1. Alliances have been forged
OK so there has been a lot of bitterness and divisiveness. But there have also been unions that couldn't have happened before. Labour's London Mayor Sadiq Khan praised David Cameron on yesterday's BBC debate as part of the Remain group, which was novel. In the church, we've seen Guardian columnist and well-known leftie Rev Giles Fraser work alongside the staunchly right-wing Archbishop Cranmer blog editor Adrian Hilton to support a Leave vote. Could such associations, in the long term, make us more interested in crossing the usual tribal lines of politics, and listening to those we disagree with?
2. Tribalism has been exposed
It's easy to point fingers and shout 'yah boo' when your ingroup agrees with each other on how awful the outgroup is.
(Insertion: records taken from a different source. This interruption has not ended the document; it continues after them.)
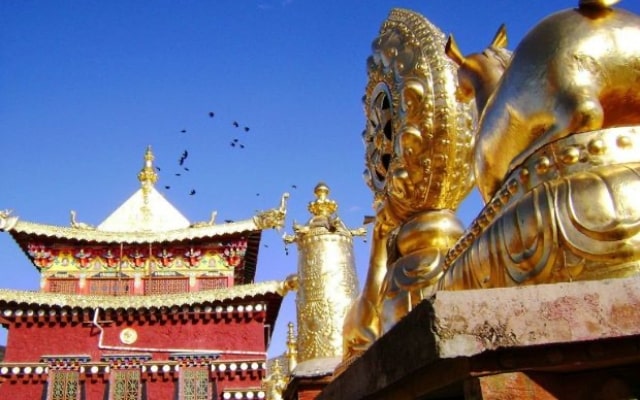 Tu viện Songzanlin - trung tâm Phật giáo quan trọng của Tây Tạng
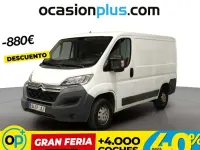 Usado Citroën Jumper 131 CV (96 kW) 2016 Blanco Monovolumen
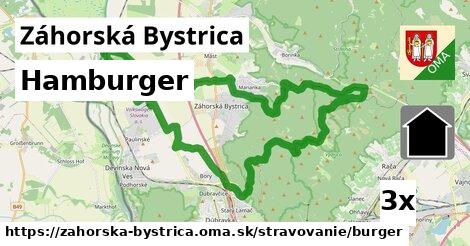 Hamburger, Záhorská Bystrica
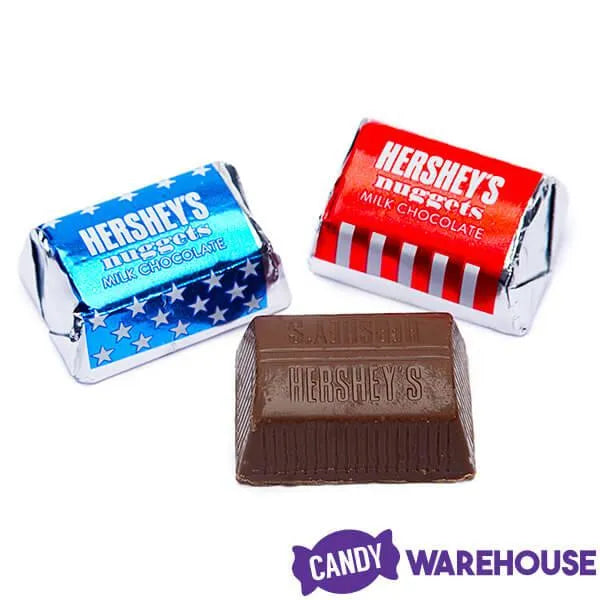 Hershey's Nuggets Chocolate Assortment - USA Flag: 10.8-Ounce Bag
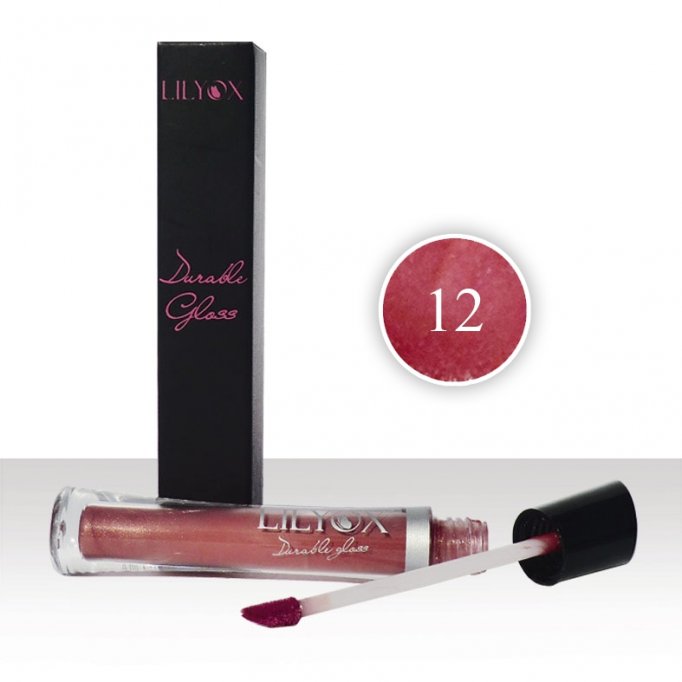 Gloss rezistent – Rosu (12)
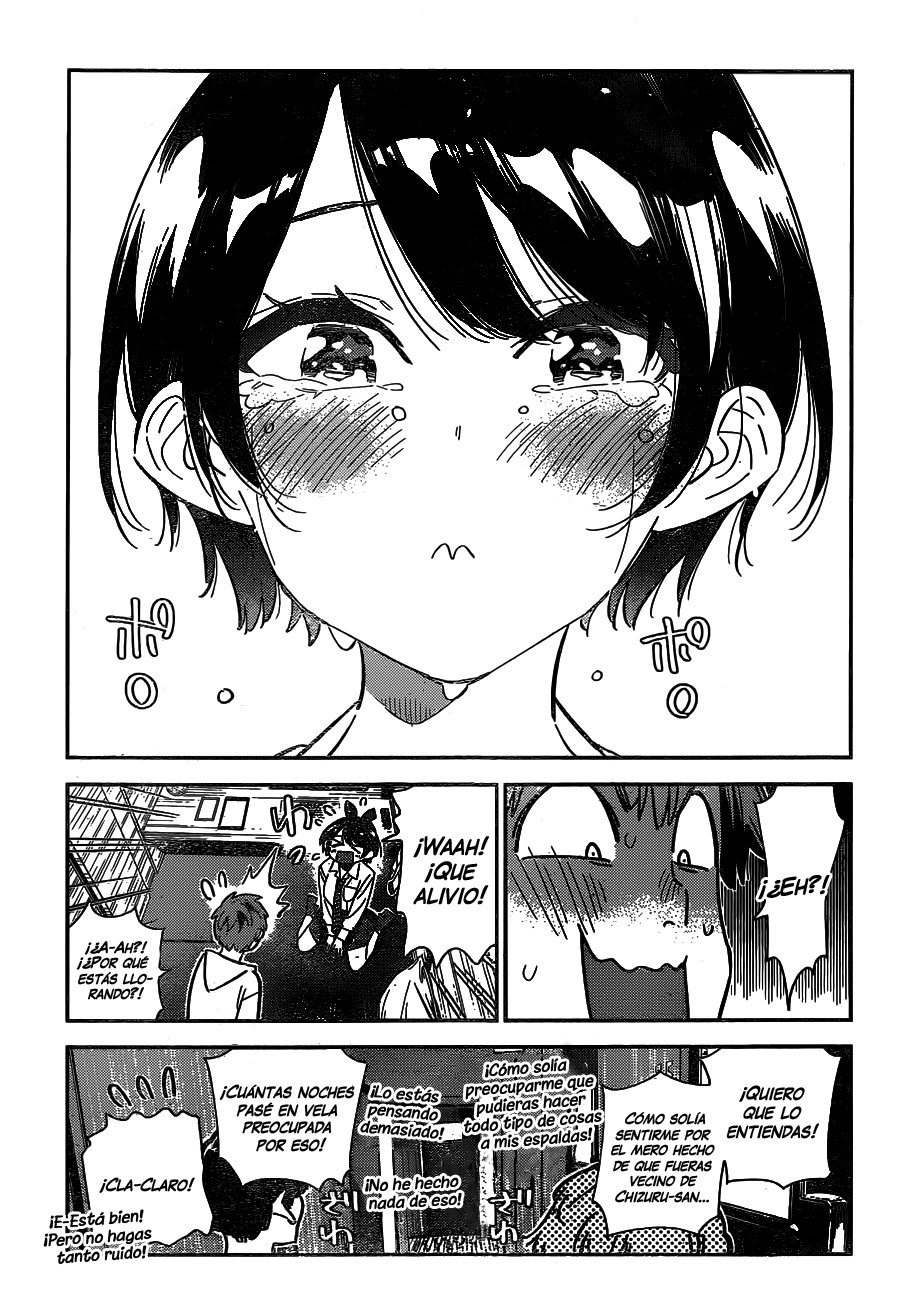 Kanojo, Okarishimasu Capitulo 256 página 13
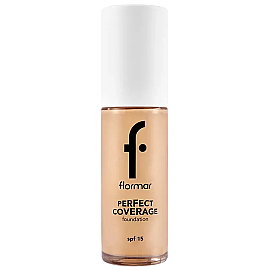 Flormar Perfect Covegare Foundation - Kapatıcı Fondöten No: 103 Creamy Beige 30ml - Flormar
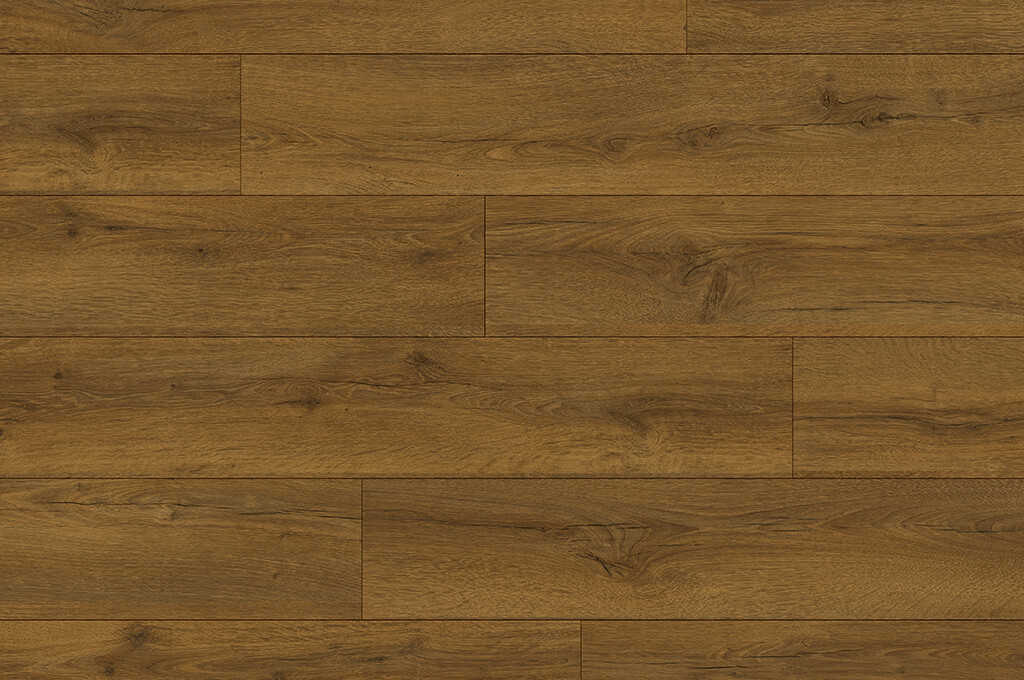 Laminate Flooring Classic Plus Cocoa Brown Oak 7-1/2" x 47-1/4" - 5/16" (8 mm)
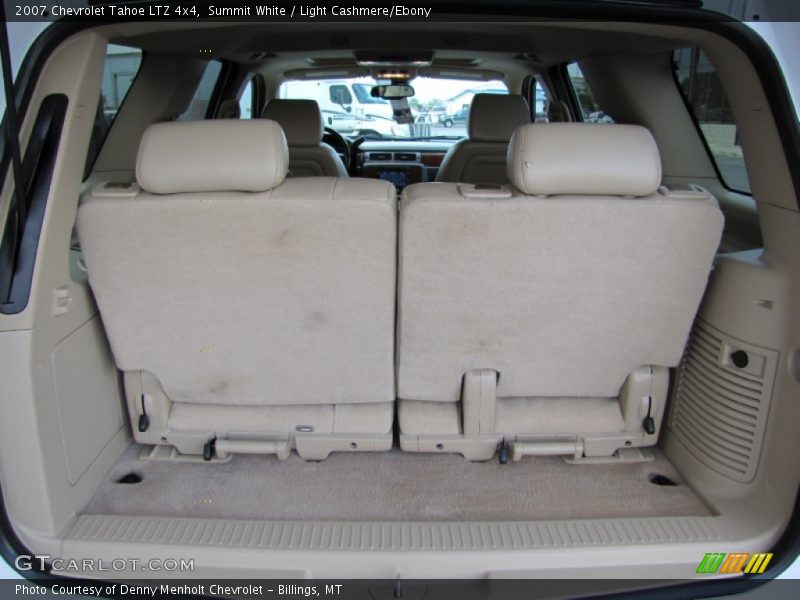  2007 Tahoe LTZ 4x4 Trunk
In fact, I'd argue that a lot of political opinions seem to be determined by the group we identify with, rather than independent and rational thought.
However when those who usually criticise George Osborne and 'the bankers' start quoting them and citing their opinion as valuable and praising economic growth, or when free marketeers state that Leave is good because it will increase wages, the inconsistencies within our usual patterns of political thought become exposed.
Could the referendum lead to more deep thinking about our politics and why we vote as we do?
3. British politics could get shaken up
For years we've had three main parties that are broadly similar. Certainly pro-EU, and centrist in their politics. The arrival of Jeremy Corbyn has shaken that up a little, but his brand of politics is usually hammered at the ballot box, so I don't have high hopes for that little revolution.
The main political parties don't seem to reflect their base any more. Labour is seen as a party of metropolitan luvvies by much of its traditional working class base, while the Tory hierarchy is seen as too liberal socially and economically by much of its grassroots. And outside of the political parties, disillusionment with the political establishment is even worse.
This disengagement between government and those it represents cannot be a good thing. We need parties that more accurately represent those they serve. The divides of the referendum could provoke division within the parties, and perhaps a redrawing of the party boundaries into something that is more useful and democratic.
4. We learn about grace
I've been really incensed at certain points in the debate. When memes are posted that are blatantly misleading (and I've seen them from both sides), when I've been characterised as racist or intolerant because I want to leave the EU... well, it's got my blood boiling to be honest.
Where does this lead? Nowhere good. It's been a humbling reminder that I'm really not a very good follower of Christ, who taught us to love our enemies.
When we're insulted, patronised or stereotyped, the natural response is to feel anger and to respond to the offender in kind. But in Christ, we've got the option of something different. The Christ who loved those who were torturing him is living within us, and can give us the power to love and respect people when they are just being a bit annoying. But how often do we call on him to help us do that?
We can learn from such experiences too. I've learned how irritating it is for people who think differently to you, to assume that you know less than they do. I can remember that the next time I'm talking to someone about Christianity. I've learned, once again, how easy it is to see the arguments of the side you agree with, but it's much harder to learn from the 'other side', and that doing so is essential if we're going to have a reasonable debate.
So, there is more to draw from the situation than a load of vitriol and more disillusionment. Let's hope and pray for more good to come.